**Exercise aim**
Include in the reply only the lines from the start of the data below through the line containing "New Chinese Style Elevator Hall", reproduced exactly and with no pictures.

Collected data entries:

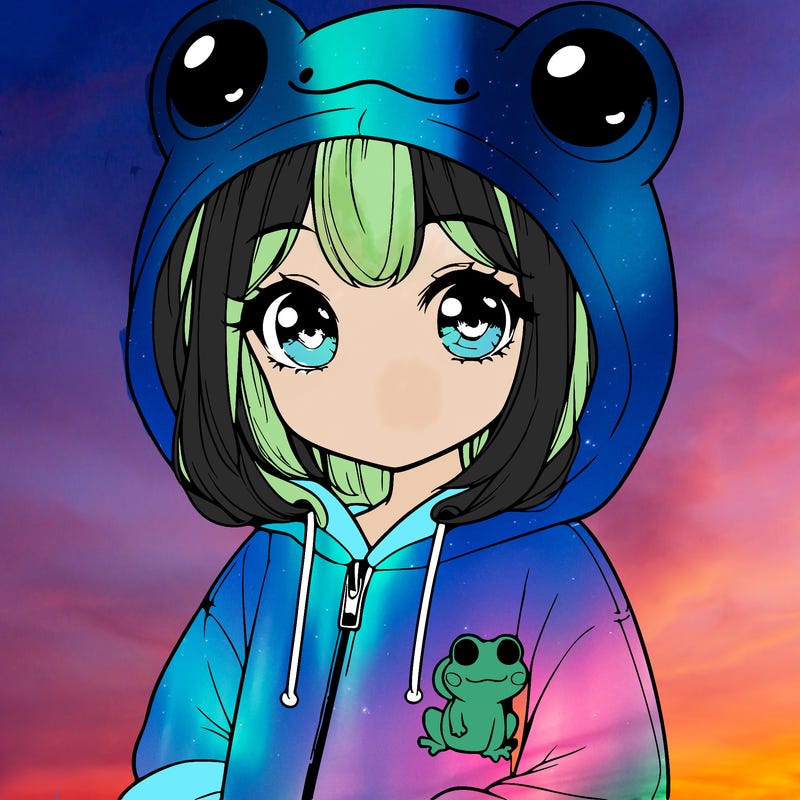 cute realistic girl in a froggy hoodie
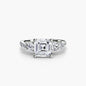 Five Stone Ring with Pavé Band setting Aces Jewellers 9K White Gold Asscher 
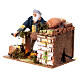Animated nativity scene figurine, 8cm shepherd with roasting jac s3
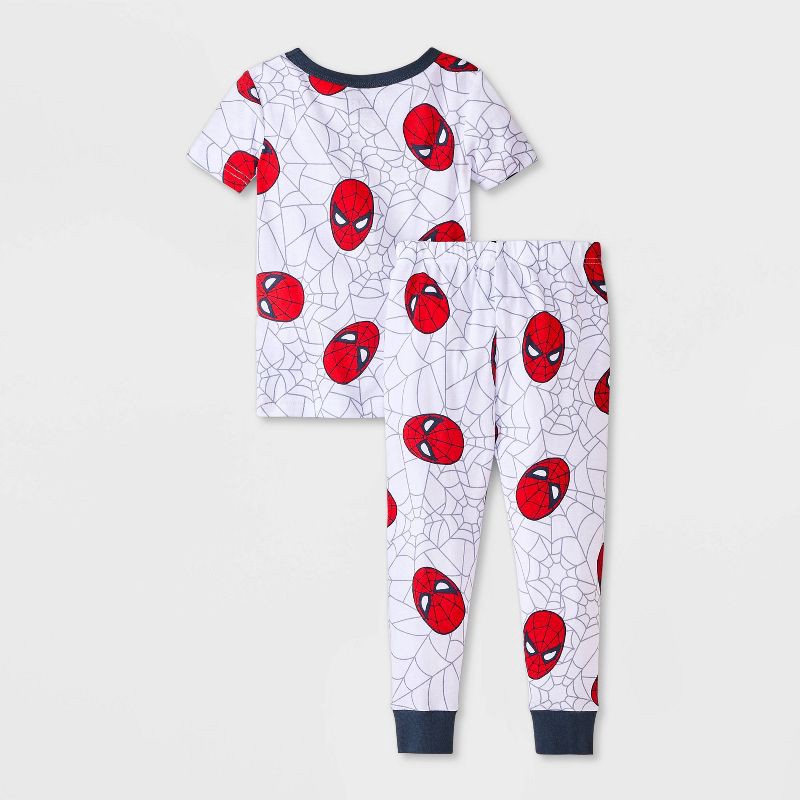 slide 2 of 4, Toddler Boys' 4pc Snug Fit Cotton Spider-Man Pajama Set - Red 5T: Crew Neck, Short & Long Sleeve, Machine Washable, 4 ct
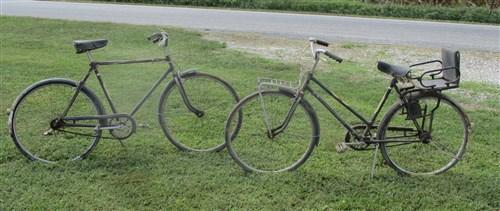 Bike - Matching JC Higgins Bicycle Set, Mid-Century 40s-60s, Mens Womens Childs Seat by The Old Grainery (adult bikes, bic...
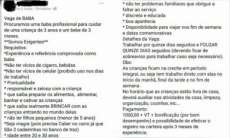 An&uacute;ncio de vaga para bab&aacute; chama aten&ccedil;&atilde;o e recebe cr&iacute;ticas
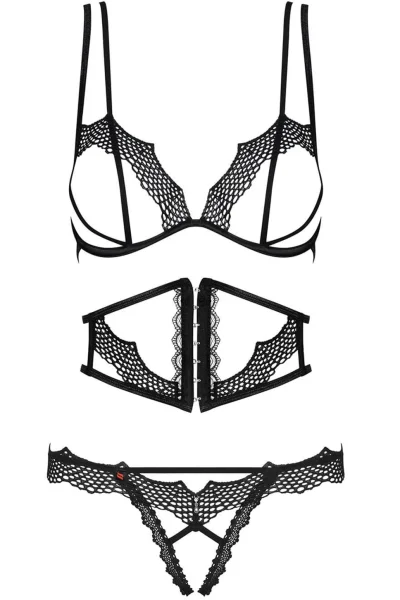 Sexy komplet Bravelle - 3 dílný - Černá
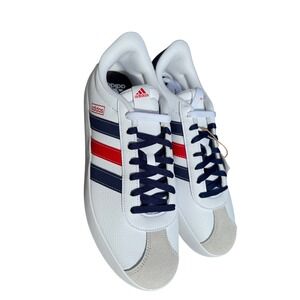 Adidas VL Court 3.0 White Navy Red Stripe Skateboarding Shoes Sneakers Mens 11.5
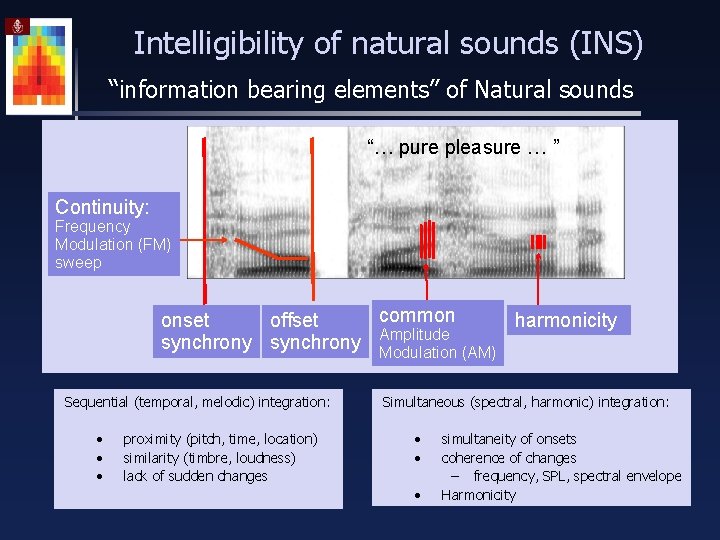 Intelligibility of natural sounds (INS) “information bearing elements” of Natural sounds “… pure pleasure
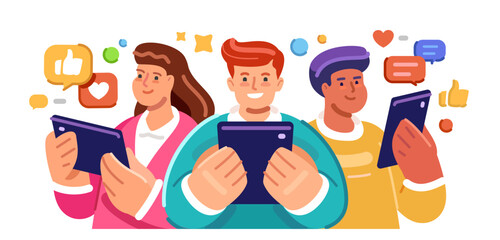 People interact with social networks online. User feedback concept. Digital technology and communication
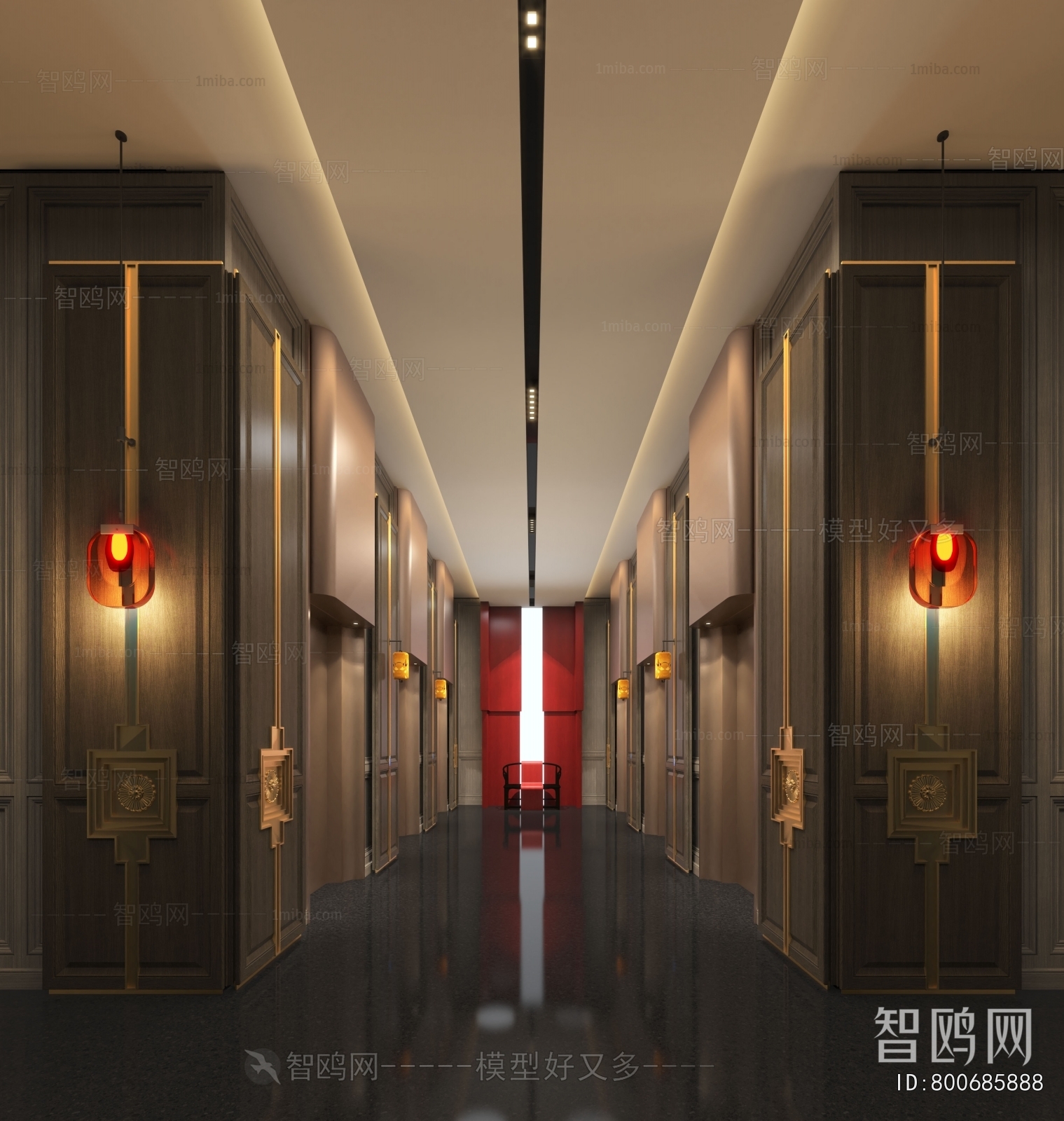 New Chinese Style Elevator Hall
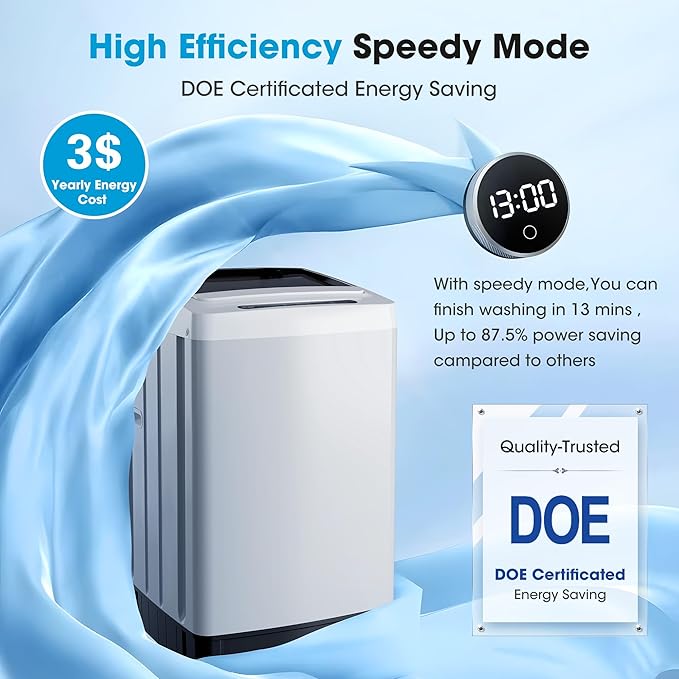 Portable Washing Machine - Compact Home Laundry Washer for Apartment,1.5 Cu.ft, Small Clothes Washer with Drain Pump for Bathroom, Dorms,RVs,White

**Answer to this exercise**
 cute realistic girl in a froggy hoodie
 Five Stone Ring with Pavé Band setting Aces Jewellers 9K White Gold Asscher 
Animated nativity scene figurine, 8cm shepherd with roasting jac s3
 slide 2 of 4, Toddler Boys' 4pc Snug Fit Cotton Spider-Man Pajama Set - Red 5T: Crew Neck, Short & Long Sleeve, Machine Washable, 4 ct
 Bike - Matching JC Higgins Bicycle Set, Mid-Century 40s-60s, Mens Womens Childs Seat by The Old Grainery (adult bikes, bic...
 An&uacute;ncio de vaga para bab&aacute; chama aten&ccedil;&atilde;o e recebe cr&iacute;ticas
 Sexy komplet Bravelle - 3 dílný - Černá
 Adidas VL Court 3.0 White Navy Red Stripe Skateboarding Shoes Sneakers Mens 11.5
 Intelligibility of natural sounds (INS) “information bearing elements” of Natural sounds “… pure pleasure
 People interact with social networks online. User feedback concept. Digital technology and communication
 New Chinese Style Elevator Hall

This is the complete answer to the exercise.